[DATA]

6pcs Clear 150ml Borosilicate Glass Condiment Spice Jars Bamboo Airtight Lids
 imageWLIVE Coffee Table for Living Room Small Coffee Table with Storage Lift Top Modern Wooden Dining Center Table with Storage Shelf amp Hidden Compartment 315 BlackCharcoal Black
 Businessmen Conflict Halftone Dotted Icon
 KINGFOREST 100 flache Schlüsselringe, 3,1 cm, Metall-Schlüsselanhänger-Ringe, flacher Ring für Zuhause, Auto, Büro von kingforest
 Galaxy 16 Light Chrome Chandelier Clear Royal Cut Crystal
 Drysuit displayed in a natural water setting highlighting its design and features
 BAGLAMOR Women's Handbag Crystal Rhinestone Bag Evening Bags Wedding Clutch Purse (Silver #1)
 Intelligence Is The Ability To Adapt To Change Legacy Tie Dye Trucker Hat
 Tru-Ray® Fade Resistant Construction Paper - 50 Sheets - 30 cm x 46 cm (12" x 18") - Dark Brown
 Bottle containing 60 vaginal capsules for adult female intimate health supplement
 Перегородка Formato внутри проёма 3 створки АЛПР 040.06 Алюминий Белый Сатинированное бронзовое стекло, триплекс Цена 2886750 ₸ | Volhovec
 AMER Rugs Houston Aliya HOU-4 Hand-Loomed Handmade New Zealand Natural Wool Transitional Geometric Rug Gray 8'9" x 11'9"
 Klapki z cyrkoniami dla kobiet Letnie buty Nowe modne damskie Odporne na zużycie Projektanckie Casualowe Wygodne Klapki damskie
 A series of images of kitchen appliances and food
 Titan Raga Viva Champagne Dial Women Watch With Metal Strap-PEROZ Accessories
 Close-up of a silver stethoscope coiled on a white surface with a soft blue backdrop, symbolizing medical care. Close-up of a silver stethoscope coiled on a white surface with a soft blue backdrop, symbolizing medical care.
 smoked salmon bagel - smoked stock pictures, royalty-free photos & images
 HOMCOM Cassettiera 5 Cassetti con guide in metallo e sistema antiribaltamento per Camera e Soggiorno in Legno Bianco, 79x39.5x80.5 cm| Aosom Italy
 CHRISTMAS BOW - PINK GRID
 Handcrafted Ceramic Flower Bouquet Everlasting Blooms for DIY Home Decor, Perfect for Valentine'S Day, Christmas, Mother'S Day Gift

[WHAT YOU HAVE TO DO] Within the material above, the line with "Drysuit displayed in" opens the range and the line with "Tru-Ray® Fade Resistant" closes it; reproduce that range word for word.

[EXERCISE RESULT]
 Drysuit displayed in a natural water setting highlighting its design and features
 BAGLAMOR Women's Handbag Crystal Rhinestone Bag Evening Bags Wedding Clutch Purse (Silver #1)
 Intelligence Is The Ability To Adapt To Change Legacy Tie Dye Trucker Hat
 Tru-Ray® Fade Resistant Construction Paper - 50 Sheets - 30 cm x 46 cm (12" x 18") - Dark Brown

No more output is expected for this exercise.